_Records shown_:
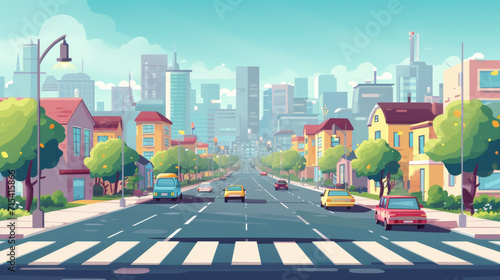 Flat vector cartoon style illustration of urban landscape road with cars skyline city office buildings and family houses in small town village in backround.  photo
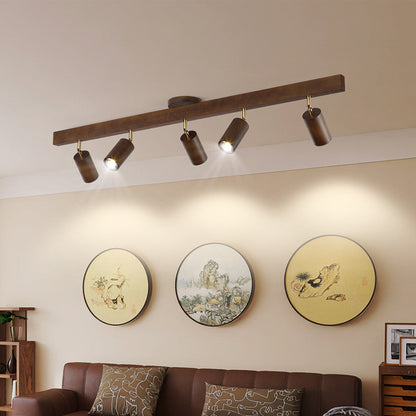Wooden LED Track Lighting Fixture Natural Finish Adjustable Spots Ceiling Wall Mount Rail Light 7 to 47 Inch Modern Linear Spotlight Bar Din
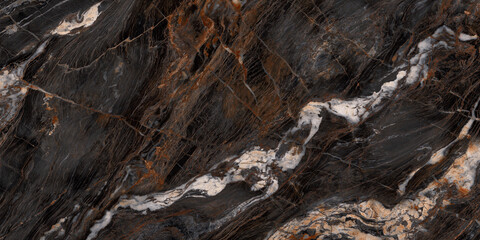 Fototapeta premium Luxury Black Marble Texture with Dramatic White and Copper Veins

...

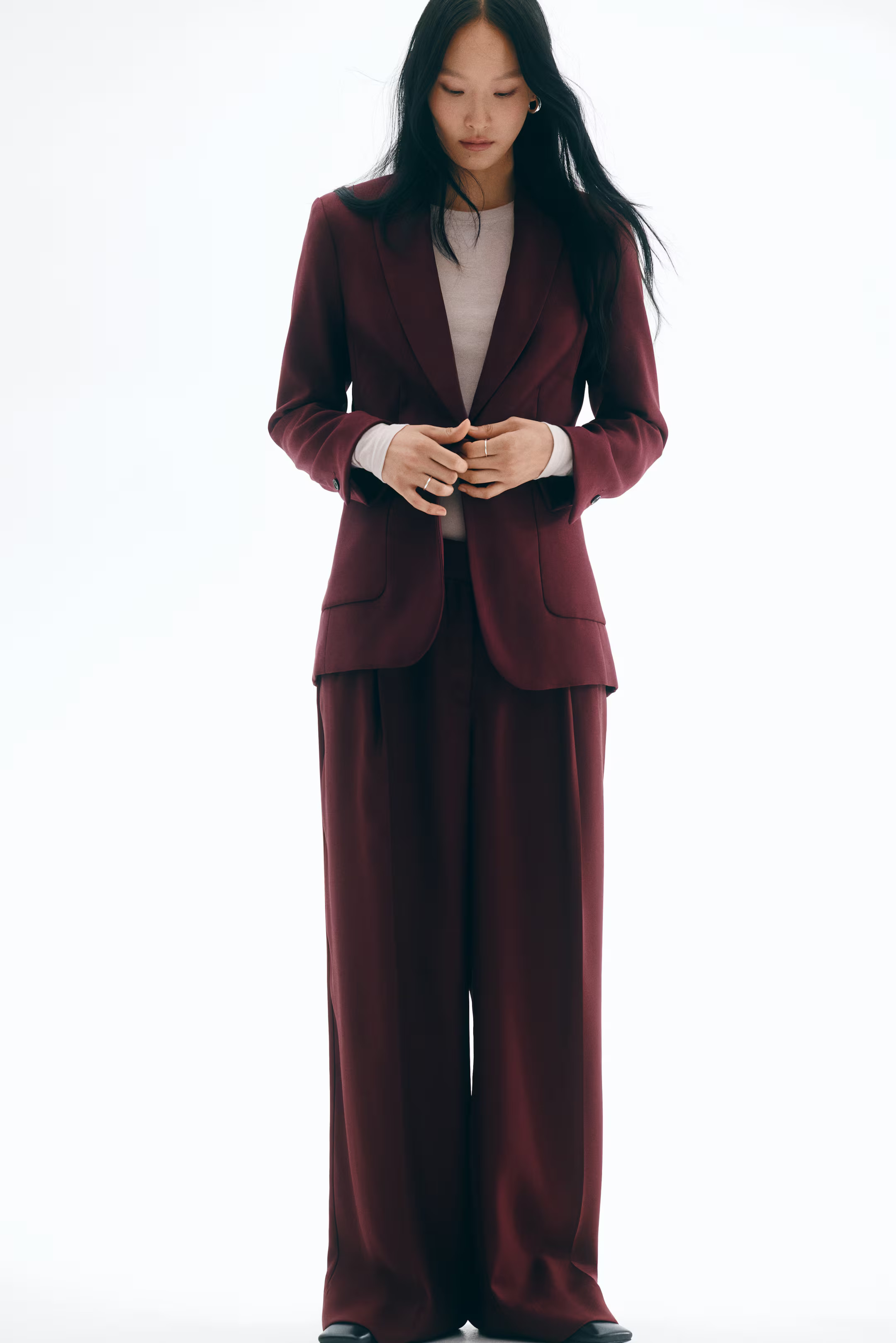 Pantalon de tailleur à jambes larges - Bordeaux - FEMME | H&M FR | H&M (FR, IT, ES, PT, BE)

---

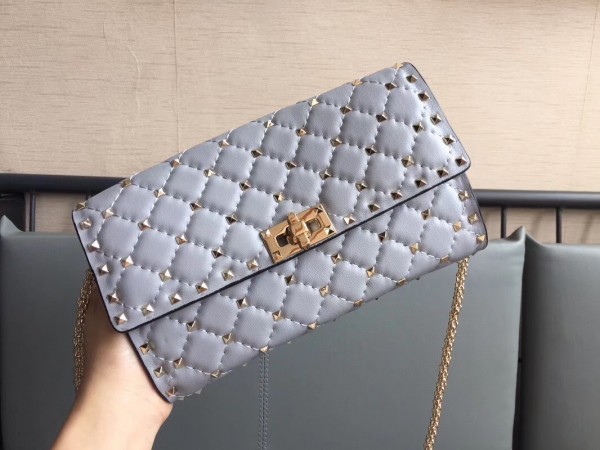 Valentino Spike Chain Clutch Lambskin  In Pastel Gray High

_Task brief_:
Please print the lines above word for word, starting at the one with "Flat vector cartoon" and ending at the one with "Fototapeta premium Luxury", both included, and without any picture.

_Reply to the exercise_:
 Flat vector cartoon style illustration of urban landscape road with cars skyline city office buildings and family houses in small town village in backround.  photo
Wooden LED Track Lighting Fixture Natural Finish Adjustable Spots Ceiling Wall Mount Rail Light 7 to 47 Inch Modern Linear Spotlight Bar Din
 Fototapeta premium Luxury Black Marble Texture with Dramatic White and Copper Veins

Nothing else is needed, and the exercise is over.